2. «Каждый язык обладает законченной в своём роде и психологически удовлетворительной формальной ориентацией, но эта ориентация залегает глубоко в подсознании носителей языка» (там же. С. 254).

3. «Языки являются по существу культурными хранилищами обширных и самодостаточных сетей психических процессов» (там же. С. 255).

Термин «языковая картина мира» (sprachliches Weltbild) был введён в науку Лео Вайсгербером (1899–1985). Он приписывал языковой картине мира шесть существенных признаков – словоцентризм, системность, своеобразие, изменчивость, действенность и сложность.

Словоцентризм языковой картины мира, по Л. Вайсгерберу, состоит в том, что любой язык по-своему ословливает (вербализует) мир, т. е. делит его на те или иные явления, обозначаемые с помощью слов. Так, словесное поле родства в разных языках по-своему делит подведомственную ему область. Например, в немецком языке – в отличие от сербохорватского, как и русского, – нет слов для обозначения тестя и свекра. Немцы вынуждены говорить о них с помощью словосочетаний – отец жены и отец мужа.

Языковая картина мира есть системное, целостное представление о мире. В этом состоит ее второй признак. Это означает, что каждый язык изображает по-особому весь мир, а не только отдельные его фрагменты. Неслучайно вслед за В. Гумбольдтом Л. Вайсгербер писал: «Язык позволяет человеку объединить весь свой опыт в единую картину мира» (Вайсгербер Л. Родной язык и формирование духа. М., 1993. С. 51).

Языковая картина мира своеобразна у каждого народа. В этом состоит её третий признак. Так, разные языки по-разному делят цветовой спектр. Например, в немецком, как и в английском и французском, нет специальных слов для обозначения синего и голубого цветов. С другой стороны, во вьетнамском имеется 13 наименований для разных видов бамбука, тогда как в европейских языках они отсутствуют.

Четвёртый признак языковой картины мира – её изменчивость. Л. Вайсгербер пояснял это на примере словесного членения животного царства в современном языке и в его истории. Оказалось, что языковая картина животного мира в разные периоды развития немецкого языка оказалась разной. Так, в древности немецкий язык классифицировал животных на пять групп: домашние животные, бегающие дикие, летающие, плавающие, ползающие. В современном же языке картина мира животных у немцев иная.
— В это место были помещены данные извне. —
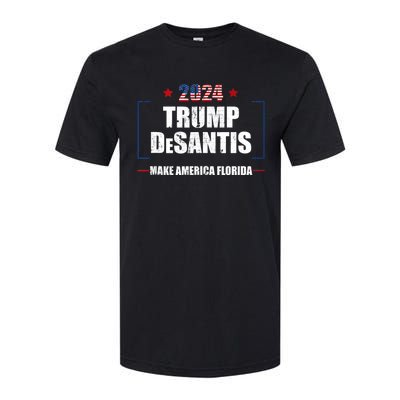 Trump Ron DeSantis 2024 Flag Make America Florida President Softstyle CVC T-Shirt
Пятая черта языковой картины мира – её действенность в отношении познавательной и практической деятельности человека. Л. Вайсгербер настаивал на господстве языковой картины мира в сознании человека над другими картинами мира – мифологической (религиозной), научной, политической и т. п. С его точки зрения, именно язык направляет познание по определённому руслу со значительно большей силой, чем это делают другие картины мира. Он писал: «Человек, который врастает в некий язык, находится на протяжении всей жизни под влиянием своего родного языка, действительно думающего за него» (там же. С. 168).
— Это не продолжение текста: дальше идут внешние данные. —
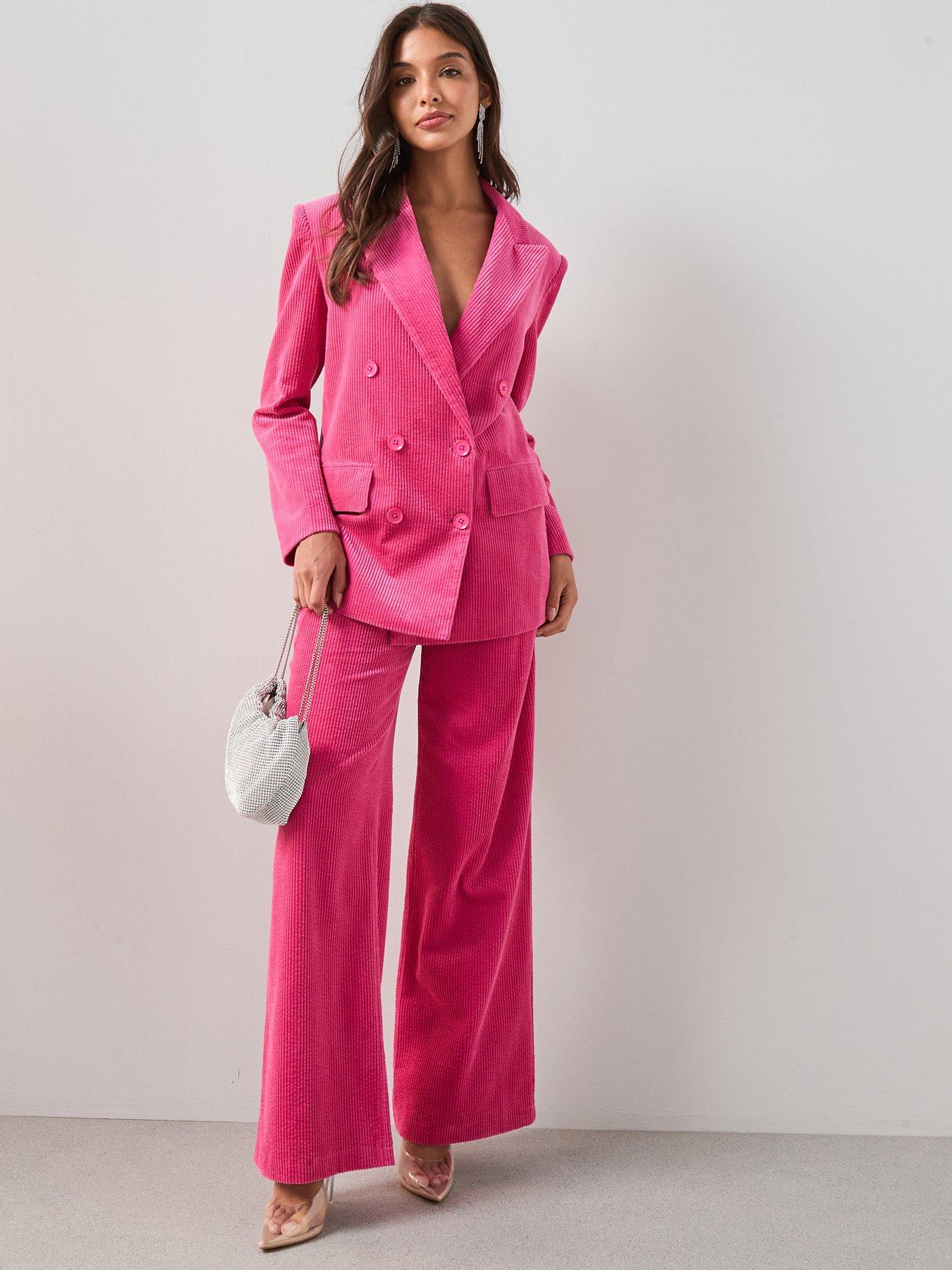 The Very Collection Cord Double Breasted Blazer - Pink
Шестая черта языковой картины мира, по Л. Вайсгерберу, – её сложность. Она состоит в том, что она слагается из четырёх её разновидностей – словообразовательной, словесной, морфологической и синтаксической. Каждая из них изображает мир, однако возможности словообразовательной, морфологической и синтаксической картин мира в моделировании мира не идут ни в какое сравнение с аналогичными возможностями словесной (лексической) картины мира. Лексических единиц в любом языке намного больше, чем словообразовательных, морфологических и синтаксических. Вот почему именно лексика, а не другие единицы языка, позволяет изобразить мир в достаточно адекватном виде (см. подр.: Даниленко В. П. Вильгельм фон Гумбольдт и неогумбольдтианство. М., 2010. С. 120–123).

«Словарный запас конкретного языка, – писал Л. Вайсгербер, – включает в целом вместе с совокупностью языковых знаков также и совокупность понятийных мыслительных средств, которыми располагает языковое сообщество; и по мере того, как каждый носитель языка изучает этот словарь, все члены языкового сообщества овладевают этими мыслительными средствами; в этом смысле можно сказать, что возможность родного языка состоит в том, что он содержит в своих понятиях определённую картину мира и передаёт её всем членам языкового сообщества» (Радченко О. А. Язык как миросозидание. Лингвофилософская концепция неогумбольдтианства. Т. 1. М., 1997. С. 250).

Обобщению современных представлений о лексической картине мира посвящена книга Олега Александровича Корнилова «Языковые картины мира как производные национальных менталитетов» (2-е изд. М., 2003). Её автор анализирует в этой книге лексико-семантические поля (ЛСП) рыб, звукоподражаний и др.

Если у Л. Вайсгербера излюбленными были поля цветообозначений и родственников, то у О. А. Корнилова таким полем стало ЛСП насекомых (энтомосемизмов). Он называет это поле лексико-семантической группой (ЛСГ). При этом он сравнивает эту группу с соответственной научной (биологической) классификацией.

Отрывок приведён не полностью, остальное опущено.